A decisão deverá ser seguida pelos tribunais no país. Mais de mil processos aguardavam um posicionamento do plenário sobre o tema.

 

 

Estão em julgamento no STF, em conjunto, três ações que questionam pontos do Código de Trânsito Brasileiro (CTB):

 

  • Recurso do Departamento de Trânsito do Rio Grande do Sul (Detran-RS), que tenta reverter decisão que anulou multa aplicada a um motociclista de Cachoeirinha (RS) que se recusou a fazer o teste;
  • Confederação Nacional do Comércio (CNC) e Associação Brasileira das Empresas de Gastronomia, Hospedagem e Turismo contestam a proibição da comercialização de bebidas alcoólicas em rodovias federais;
  • Associação Brasileira Restaurantes e Empresas de Entretenimento (Abrasel Nacional) questiona trechos da Lei Seca e quer que seja estabelecido um limite de álcool diferente do zero para os motoristas.

  

 

Fux foi o primeiro a votar no primeiro julgamento ocorrido na quarta-feira (18/05) e votou pela constitucionalidade das normas argumentando que nelas “há um consenso de que o melhor dos mundos é a tolerância zero”.

 

 

 

O ministro ainda afirmou que não se sustenta o questionamento contra punição igual para os motoristas com diferentes graus de embriaguez.

 

 

 

“Não há um nível seguro de alcoolemia na condução dos veículos. Todo condutor tendo ingerido álcool deixa de ser considerado um motorista responsável”, argumentou.

 

 

 

Fux também lembrou que “a tolerância zero não é exclusividade do ordenamento jurídico brasileiro”. De acordo com o relator, o bafômetro é necessário um país que sofre dos usos nocivos do álcool no trânsito.

 

 

 

O julgamento que começou na quarta-feira (18/05), foi retomado nesta quinta-feira (19) com o voto dos demais ministros. 

 

 

 

É estabelecimento um limite de até 0,5 g/L como aceitável para motorista pela Organização Mundial da Saúde.

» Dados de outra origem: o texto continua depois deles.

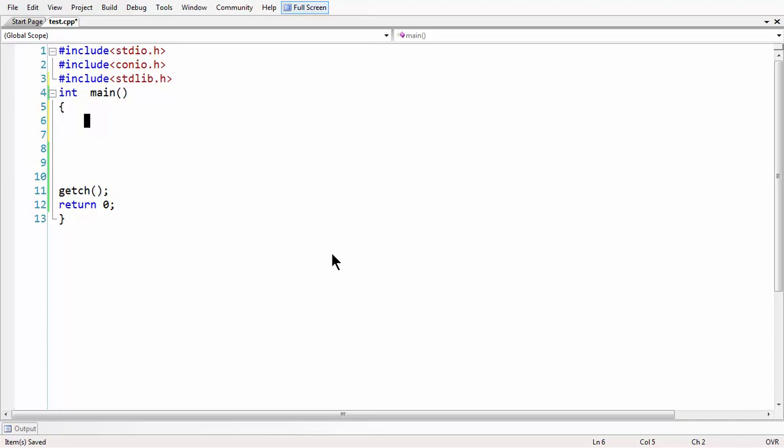Hello everybody, this is Sriganthasarya. I am doing this tutorial to help you all understand how to obtain pass or fail logic in C language. Here I have an empty C file with all the header files and main function loaded up.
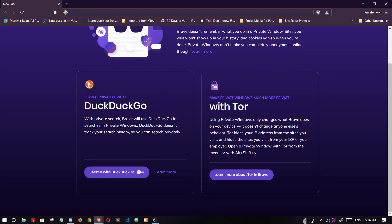This is why I choose Brave over other browsers.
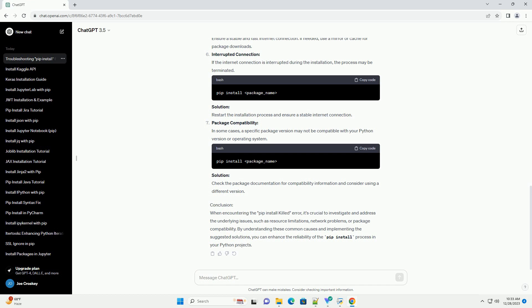Conclusion. When encountering the 'pip install killed' error, it's crucial to investigate and address the underlying issues, such as resource limitations, network problems, or package compatibility. By understanding these common causes and implementing the suggested solutions, you can enhance the reliability of the pip install process in your Python projects.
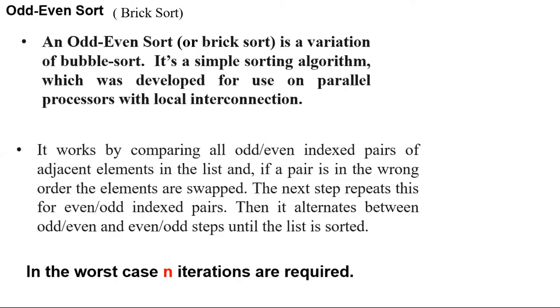The next step repeats this for even-odd indexed pairs. Then it alternates between odd-even and even-odd steps until the list is sorted.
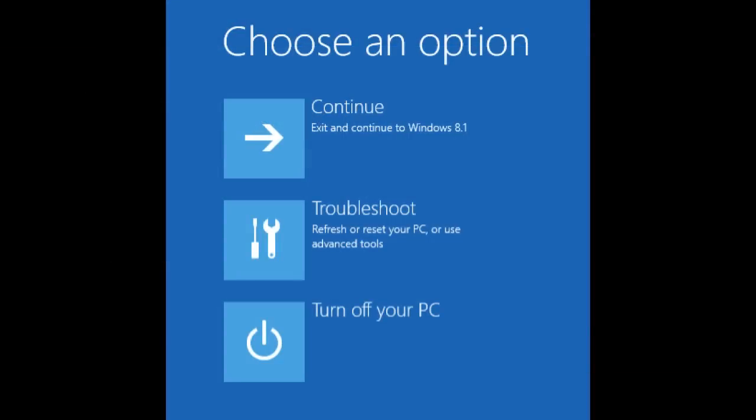Boot from this drive and, after a while, you are asked to choose an option about how you want to continue. Click or tap Troubleshoot.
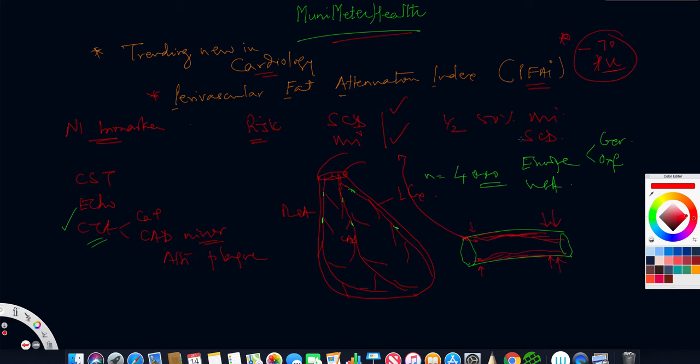Anything beyond minus 70 was considered a higher risk for sudden cardiac death and myocardial infarction because that determined there was perivascular attenuation occurring. This is where the attenuation occurs.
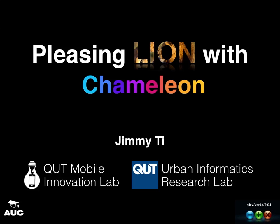Okay, welcome everyone to my presentation this morning. My name is Jimmy T and I'll be talking about how we could please the lion with a chameleon.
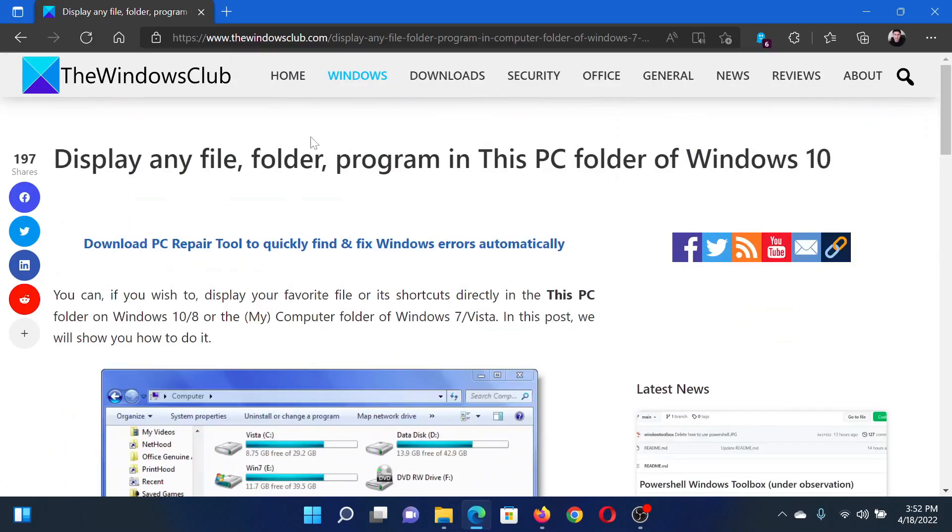If you have any doubts, please go to the original article on The Windows Club, scroll down to the comment section, and write your query. We will surely answer it. Do not forget to subscribe to the channel.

O volume é menor no caso de jovens de até 21 anos.

 

 

 

Para a Associação Brasileira de Medicina de Tráfego (Abramet), “a única concentração segura para a direção de veículos é zero”, como diz a lei atualmente. Ainda segundo a associação a lei trouxe redução de 63% no número de mortes no trânsito.

 

 

 

O Código de Trânsito Brasileiro prevê multa administrativa para quem se recusa a fazer “teste, exame clínico, perícia ou outro procedimento que permita certificar influência de álcool ou outra substância psicoativa”.

 

 

 

Também é previsto a suspensão do direito de dirigir por 12 meses, recolhimento da habilitação e apreensão do veículo.